## What you should do
The pictures are to be left out, and all remaining data is to be transcribed exactly as it appears.

## Given data
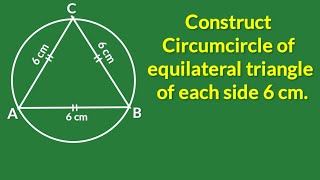 Draw circumcircle of an equilateral triangle having length of each side 6cm measure circumradius [upl. by Grimona516]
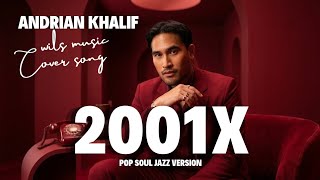 Download lagu 2001x - Andrian Khalif | Pop Soul Jazz Version Cover by Wils Music mp3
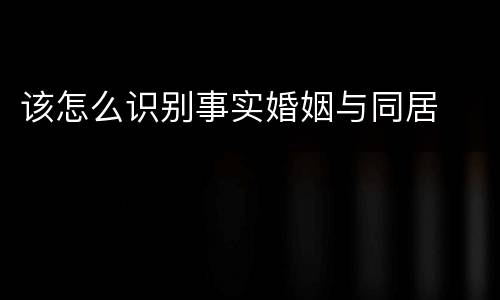 该怎么识别事实婚姻与同居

## Solved problem
 Draw circumcircle of an equilateral triangle having length of each side 6cm measure circumradius [upl. by Grimona516]
 Download lagu 2001x - Andrian Khalif | Pop Soul Jazz Version Cover by Wils Music mp3
 该怎么识别事实婚姻与同居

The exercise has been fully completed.